Naive GRPO on the heterogeneous dataset collapses because easy datasets produce consistently higher raw rewards than harder datasets.
MedGRPO fixes this with dataset-task-specific logistic reward normalization centered on each dataset-task median.
The normalization maps median performance for every dataset-task pair to reward 0.5, reducing bias toward easy datasets.
For captioning tasks, semantic similarity is insufficient because clinically important differences can be hidden by high embedding similarity.
The paper adds a medical LLM judge that evaluates caption quality on five dimensions:

- Medical terminology precision. - Instrument and anatomy identification. - Specificity versus vagueness. - Clinical procedure context. - Action and state accuracy.

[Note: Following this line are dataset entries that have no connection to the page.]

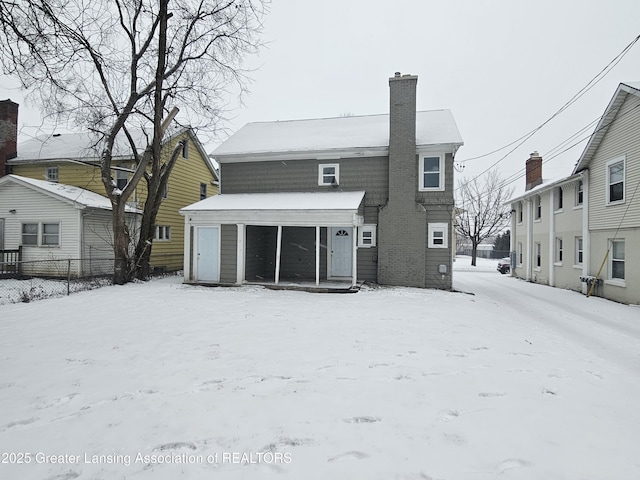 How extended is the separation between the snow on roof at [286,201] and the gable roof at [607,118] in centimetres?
904

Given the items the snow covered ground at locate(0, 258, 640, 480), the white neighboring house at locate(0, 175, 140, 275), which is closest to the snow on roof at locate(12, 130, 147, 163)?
the white neighboring house at locate(0, 175, 140, 275)

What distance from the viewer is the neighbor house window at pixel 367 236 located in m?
15.0

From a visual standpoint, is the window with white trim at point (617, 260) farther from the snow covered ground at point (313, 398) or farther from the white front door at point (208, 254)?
the white front door at point (208, 254)

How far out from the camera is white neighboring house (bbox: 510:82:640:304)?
12344 millimetres

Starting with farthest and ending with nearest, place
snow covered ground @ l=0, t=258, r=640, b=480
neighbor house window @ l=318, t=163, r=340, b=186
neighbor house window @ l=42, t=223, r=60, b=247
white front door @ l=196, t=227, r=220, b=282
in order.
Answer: neighbor house window @ l=42, t=223, r=60, b=247 → neighbor house window @ l=318, t=163, r=340, b=186 → white front door @ l=196, t=227, r=220, b=282 → snow covered ground @ l=0, t=258, r=640, b=480

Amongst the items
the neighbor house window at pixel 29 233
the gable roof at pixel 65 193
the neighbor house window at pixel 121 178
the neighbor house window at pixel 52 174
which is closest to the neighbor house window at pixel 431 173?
the gable roof at pixel 65 193

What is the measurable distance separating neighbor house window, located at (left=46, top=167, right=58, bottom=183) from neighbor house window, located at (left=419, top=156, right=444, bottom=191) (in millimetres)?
19326

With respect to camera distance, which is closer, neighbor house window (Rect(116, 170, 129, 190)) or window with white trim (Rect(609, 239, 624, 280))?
window with white trim (Rect(609, 239, 624, 280))

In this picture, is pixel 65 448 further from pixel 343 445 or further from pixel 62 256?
pixel 62 256

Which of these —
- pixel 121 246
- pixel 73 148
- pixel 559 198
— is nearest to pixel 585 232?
pixel 559 198

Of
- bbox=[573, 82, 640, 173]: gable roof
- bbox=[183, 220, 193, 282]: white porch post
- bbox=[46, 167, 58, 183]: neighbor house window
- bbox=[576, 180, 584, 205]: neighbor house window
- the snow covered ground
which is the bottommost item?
the snow covered ground

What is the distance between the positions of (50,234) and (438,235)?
17.5m

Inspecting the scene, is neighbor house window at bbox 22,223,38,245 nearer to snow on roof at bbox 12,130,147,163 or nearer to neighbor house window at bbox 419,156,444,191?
snow on roof at bbox 12,130,147,163

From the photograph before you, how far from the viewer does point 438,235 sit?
571 inches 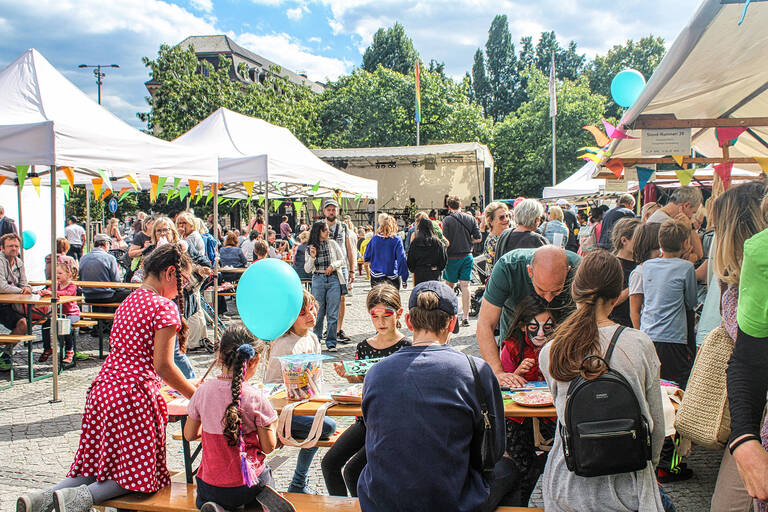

The final caption reward averages normalized semantic similarity and the medical LLM judge score.
SFT on MedVidBench greatly improves Qwen2.5-VL-7B over off-the-shelf GPT-4.1, Gemini-2.5-Flash, and Qwen2.5-VL-7B baselines.
MedGRPO further improves the SFT baseline on most evaluated tasks, especially grounding and captioning.
Removing reward normalization causes catastrophic collapse in the ablation, dropping CVS from 0.894 SFT to 0.020 and STG from 0.177 to 0.010.
Training with caption tasks also improves grounding performance, suggesting useful multi-task transfer between descriptive and localization objectives.
The medical LLM judge is validated against board-certified clinician ratings, with reported Pearson correlation 0.977 and Cohen's Kappa 0.817.

Claims To Distill

In heterogeneous multi-dataset RL, raw task metrics can create unfair reward scales that bias optimization toward easy datasets.
Median-centered reward normalization can make dataset-task pairs comparable without erasing within-dataset ranking information.
Domain-specific evaluation is necessary for medical captioning because general semantic similarity misses instrument, anatomy, action, and spatial precision.
Multi-task medical video training benefits from connecting captioning and grounding tasks rather than optimizing them in isolation.
Strong general VLMs still need domain adaptation for medical video understanding, especially for grounding tasks.

Methods And Evidence

Dataset: MedVidBench, 531,850 video-instruction pairs across 626 videos, 8 medical sources, and 8 task types.
Model/system: Qwen2.5-VL-7B SFT baseline, followed by MedGRPO reinforcement learning; also evaluated on Qwen3-VL-4B and Qwen3.5-4B variants.
Reward design:

- Dataset-task logistic normalization using SFT baseline percentiles. - Median performance maps to normalized reward 0.5. - IQR scaling reduces outlier sensitivity. - Caption tasks combine semantic similarity and medical LLM judge score.

Evaluation:

- Accuracy for CVS, NAP, and skill assessment. - mIoU for spatiotemporal grounding and temporal action grounding. - LLM judge scores and F1 for captioning tasks.

Main result:

- Qwen2.5-VL-7B SFT reaches 0.894 CVS, 0.177 STG, 0.142 TAG@0.3, 3.596 VS LLM, and 2.757 RC LLM. - Qwen2.5-VL-7B MedGRPO improves to 0.896 CVS, 0.202 STG, 0.216 TAG@0.3, 4.184 VS LLM, and 3.442 RC LLM. - NAP decreases from 0.442 to 0.405 because it was not one of the optimized reward tasks.

Related Work

GRPO and DAPO-style reinforcement learning for language or vision-language models.
Medical video datasets such as CholecT50, CholecTrack20, Cholec80-CVS, CoPESD, AVOS, EgoSurgery, JIGSAWS, and NurViD.
LLM-as-a-judge evaluation for domain-specific caption quality.
Medical video-language models and instruction tuning.

Follow-ups

Check whether MedVidBench is publicly downloadable or only described through the project website.
Inspect the released code to see how the reward normalization statistics are computed and stored.
Compare this median-centered normalization with z-score, percentile rank, and per-task advantage normalization.
Evaluate whether the medical LLM judge prompt can be reused for non-video medical image captioning tasks.